*** Data supplied ***
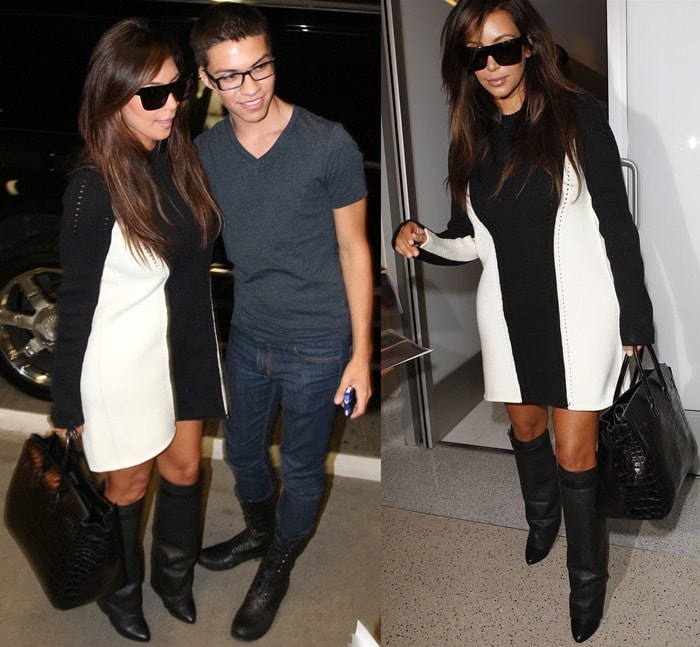 Kim Kardashian poses with a fan at Los Angeles International Airport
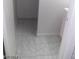 Bathroom entrance featuring tile flooring, white walls, and a view of the space inside at 3435 Villa Knolls South Dr, Las Vegas, NV 89120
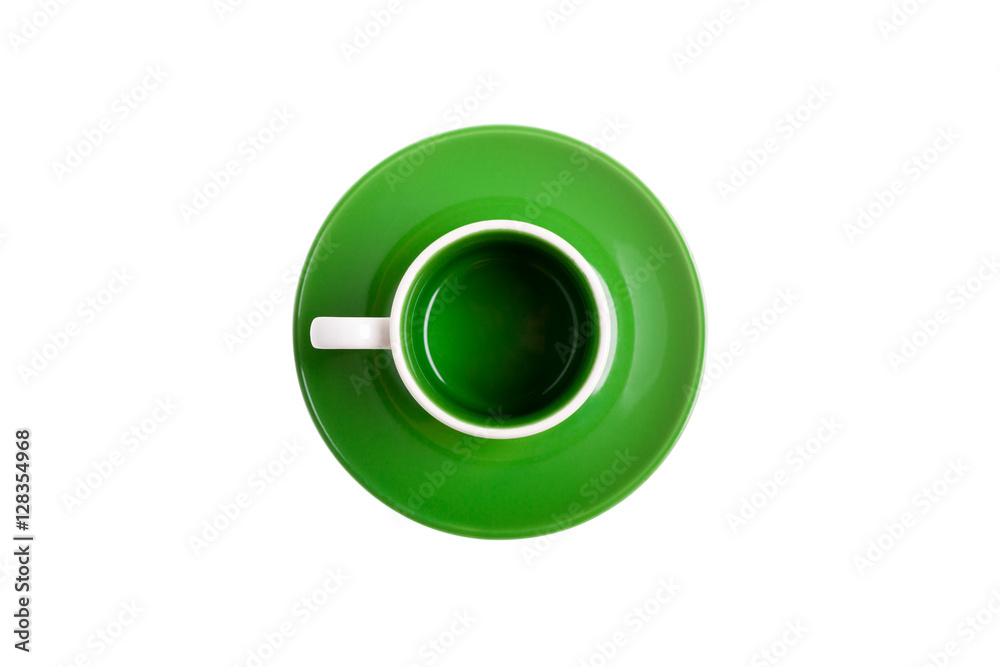 White ceramic cup on a green saucer, top view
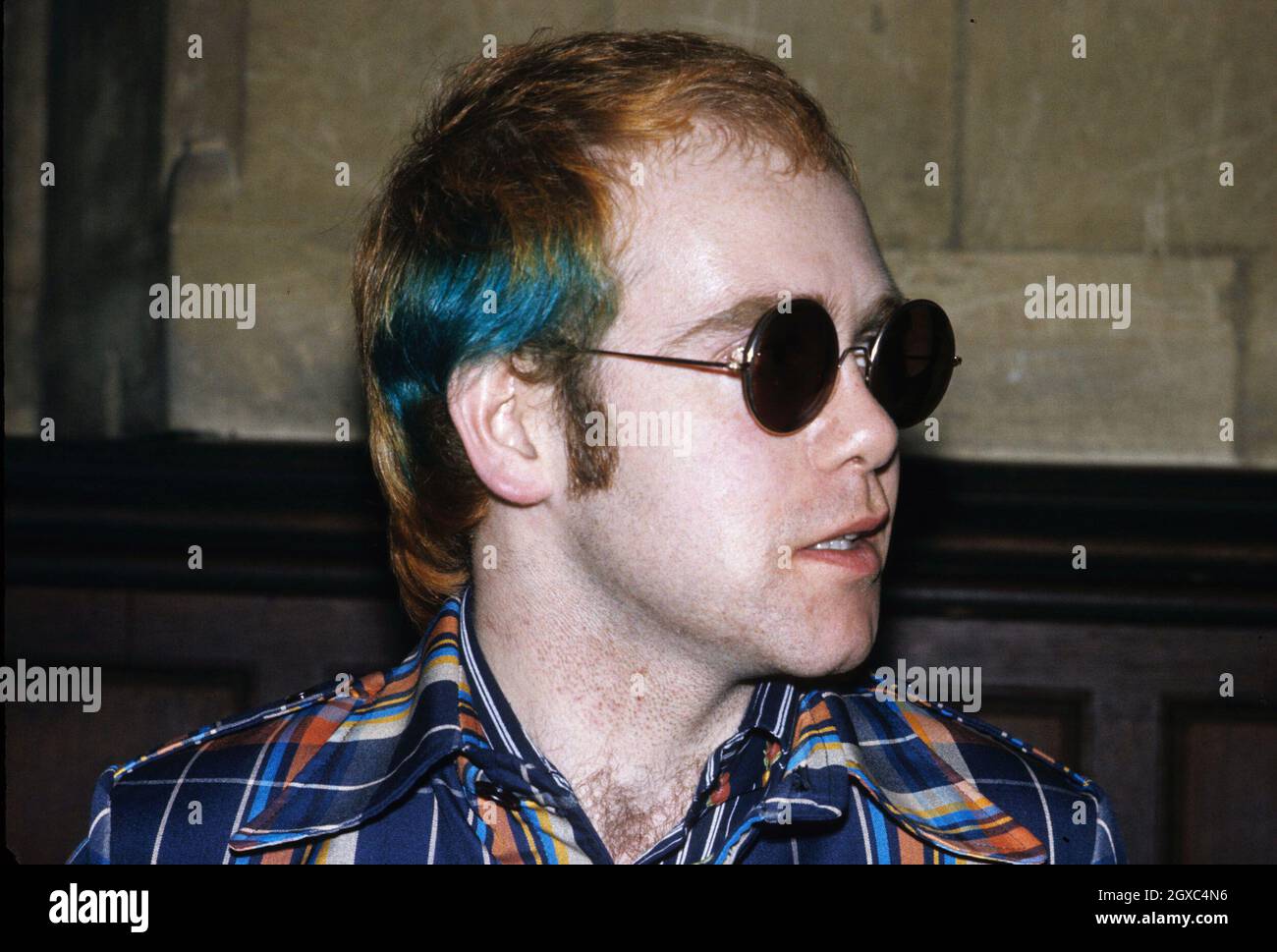 Elton John at a party in London, circa 1975. Stock Photo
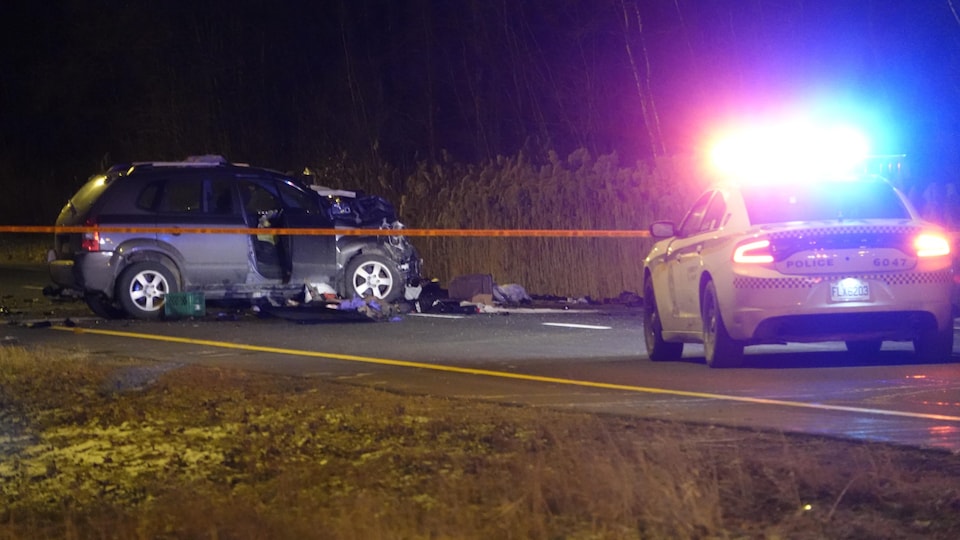 La voiture accidentée derrière un ruban de sécurité.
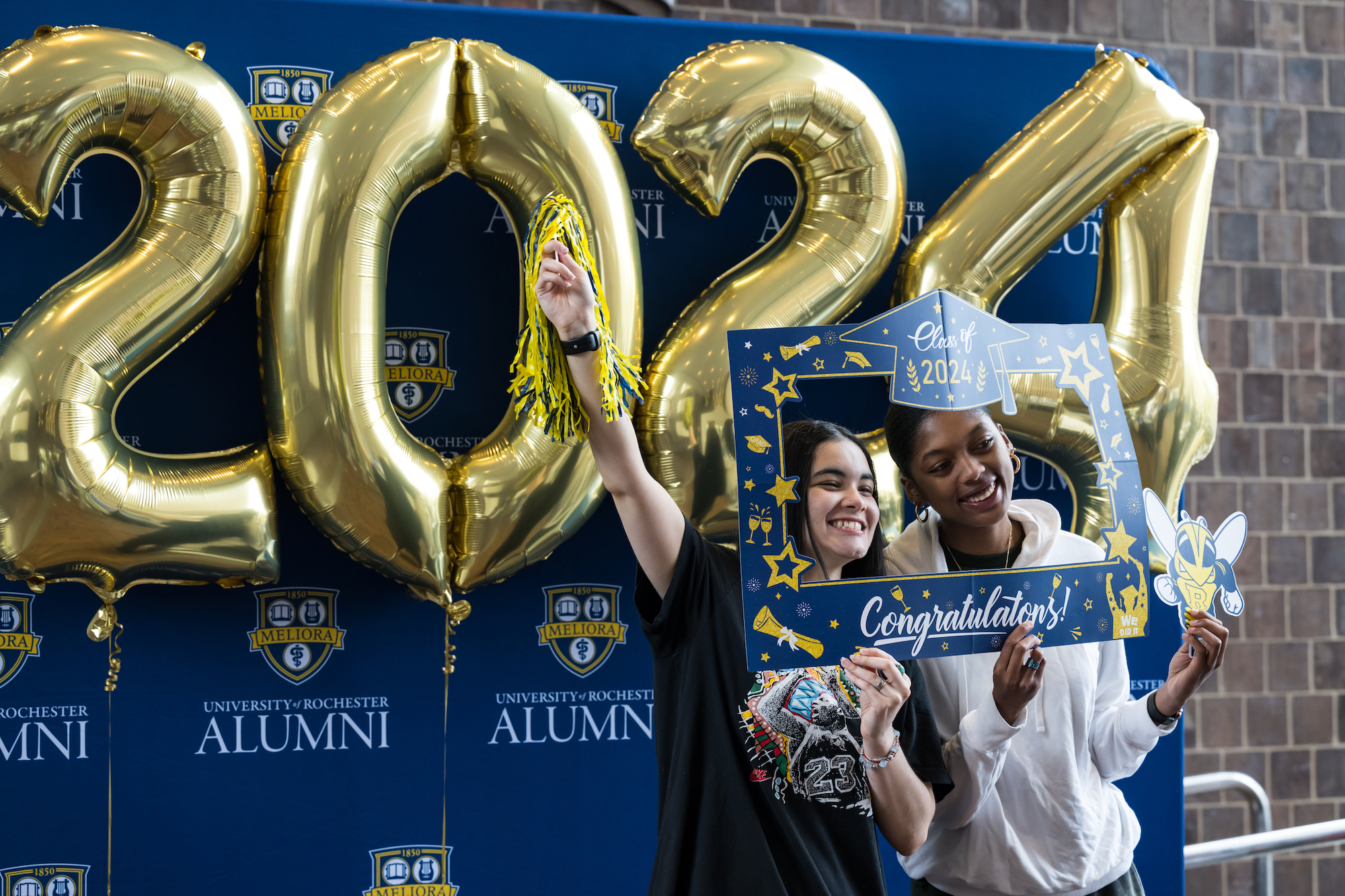 Students stand in front of gold 2024 balloons holding a congratulations sign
***
Your task: Leave every picture out and return exactly the lines from the one holding "Bathroom entrance featuring" through the end of the records above, both ends included, and nothing more.

Solution for this problem:
 Bathroom entrance featuring tile flooring, white walls, and a view of the space inside at 3435 Villa Knolls South Dr, Las Vegas, NV 89120
 White ceramic cup on a green saucer, top view
 Elton John at a party in London, circa 1975. Stock Photo
 La voiture accidentée derrière un ruban de sécurité.
 Students stand in front of gold 2024 balloons holding a congratulations sign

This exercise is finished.